A woman weighing heavily on a chair on a balcony was playing with her frizzled hair at the end of a tip. Looking over the railing covering the entire small balcony, she was singing an old Bollywood song. Her sullen eyes were asking for someone to talk to, to spend time with her, to coax her when she makes her face distend. An alone woman after her only daughter’s death in a car accident didn’t let her sleep an unabridged night. Every midnight, she woke up and sit on her bed and listened to an illusion of her daughter calling her for help. Insomnia hurdling her day by day. She was losing the way to live.
Sarojini never had thought about such a phase that will ever come in her life. Every day, she glanced at one common place on a street where her daughter usually sat with friends and played their unique self-made game. She smiled sometimes when girls of her daughter’s age sat there but finding no face similar to her daughter, she evoked crying.
Sara, her neighbour and only friend knew about the eyesore and she wanted it to vanish quickly. It was not so simple to pull out someone quickly but she had seen her father lose his life in the death of his son.
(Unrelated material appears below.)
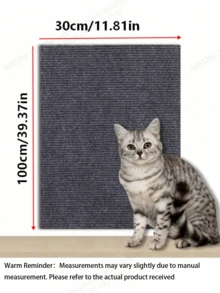 Cat Scratch Mat Cat Scratch Board Self-Adhesive Cat Carpet Trimmable Cats Scratch Board Prevent Cat Scratch Sofa Furniture Protector For Living Room Bedroom Sofa Wall Cat Owner Cat Exercise And Rest Promote Scratching Habits Valentine'S Day - Multicolor - View 16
She visited every day for an hour to check if Sarojini didn’t take any wrong steps. A Bollywood-loving country wasn’t unaware of the facts cropping up after the depression. She kept on distracting her mind from her daughter but didn’t succeed.
It was Friday night when she was discussing Sarojini’s ballgame with her husband. The man with great experience was evoked with an idea to take her out of the ghostly silent house to an entertaining place. Mumbai had just one entertainment within it for so long that no mind walk through it without thinking at least for once,
“Cinema”
A plan for a movie commenced with a secret mission of Sara and her husband. It wasn’t easy to appease her but Sara was no less a drama queen. She convinced Sarojini for “Rehna Hai Tere Dil Mein”. Sarojini would be indulged in an argument definitely if it wouldn’t a love story.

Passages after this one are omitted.